Mike Ehrmann/Getty Images
Geno Smith celebrates with Austin after scoring one of his record setting four touchdowns

I certainly wouldn't argue with that. 

Austin is as deserving as any player in the country of big time recognition.  Yet time and time again, we hear the color guys mispronounce his name (I'm looking at you, Lee Corso).  It's not Tay-vee-ohn and it's certainly not Noel Devine, which he was called numerous times carrying the ball last year.

Then there's always the nagging issue of playing in the Big East.  It's safe to say that one's production seems less impressive when it comes against UConn or Rutgers and not, say, members of the SEC West.

Speaking of the SEC West, Austin did have 11 receptions for 187 yards against LSU.  Eh, who cares, right? 

While slight at 5-9 and 179 pounds, Austin plays with a big man's mentality.  He certainly doesn't fear contact and there certainly shouldn't be any questions about his durability, not when he plays as often and in as many different positions as he does. 

As good as he was last night and all season long for that matter, Austin still has one more year.  That's right: one more year along side Geno Smith and Stedman Bailey in this Holgorsen spitfire offense. 

Just think of the possibilities. 

This offense is truly just now beginning to blossom and West Virginia's big three (sorry Lebron) should be even more dangerous next year. 

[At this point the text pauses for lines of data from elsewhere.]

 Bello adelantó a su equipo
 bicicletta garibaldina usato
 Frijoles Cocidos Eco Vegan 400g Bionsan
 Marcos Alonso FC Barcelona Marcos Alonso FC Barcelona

Streeter Lecka/Getty Images
With Tavon Austin back for a final year, Dana Holgorsen might have to brace himself for a few more Gatorade showers

the Orange Bowl performance that Austin put on last night is but the first of many big steps towards a prolific senior year. 

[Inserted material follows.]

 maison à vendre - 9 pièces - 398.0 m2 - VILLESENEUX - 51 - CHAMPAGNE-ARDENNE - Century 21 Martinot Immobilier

I'm sure you heard John Gruden call Austin "his guy" at some point last night.  While that's all well and good, he's still our guy.  the NFL will have to wait a year.

Was it all about Tavon Austin?  Of course not.  The Mountaineers showed up primed and ready in all three phases of the game. 

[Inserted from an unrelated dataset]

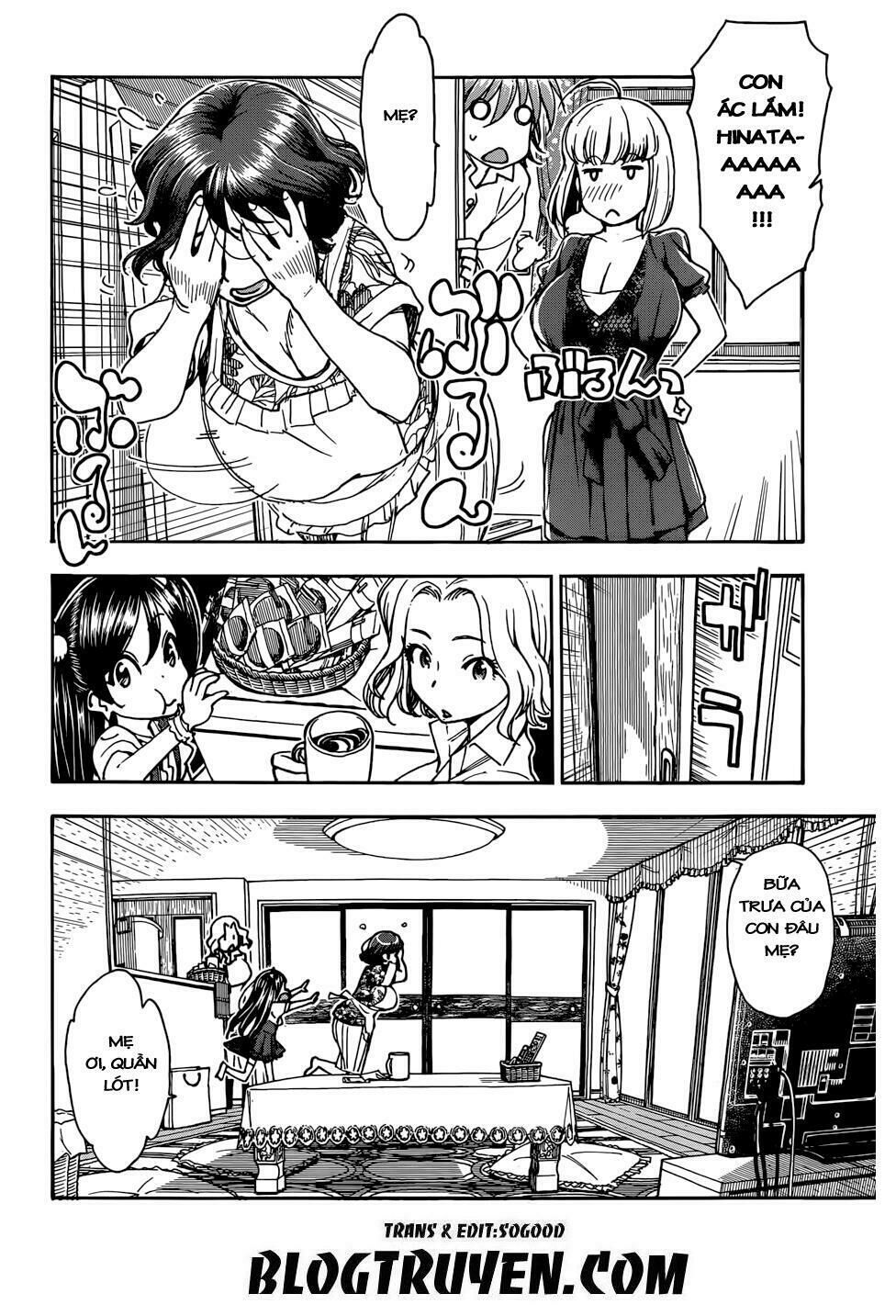 Ashitaba-San Chi No Muko Kurashi Chapter 2 - Trang 2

But in a game that was billed to feature the best, most exciting freshman in the country on a team that far outscored West Virginia in terms of athleticism, Tavon Austin stood up and stole every bit of Clemson's thunder. 

So now the rest of the country knows what West Virginia fans have known for the last three years: Tavon Austin is one of the best players in the country. 

Yes, I'm aware that he was an AP All-American.  But it was a third team mention for his achievements as an all-purpose player.  With his little publicity stunt at Sun Life Stadium last night, it would seem that Tavon has just validated himself for first team consideration next year in a major skill position.  

It's far too early to prognosticate as to whether or not West Virginia will take home another BCS trophy next year and what conference they will do it in.  We'll cross that bridge when it starts getting a little warmer outside.  

Dana Holgorsen and his boys can enjoy the fruits (no pun intended) of their labor, at least for a moment.  For Tavon Austin, that means he can reflect on the fact that in a blow out win over a favored Clemson squad, he was the fastest and most talented player on the field.  

So take a breather Tavon, you've earned it.  And don't worry about the spotlight, it's not going anywhere.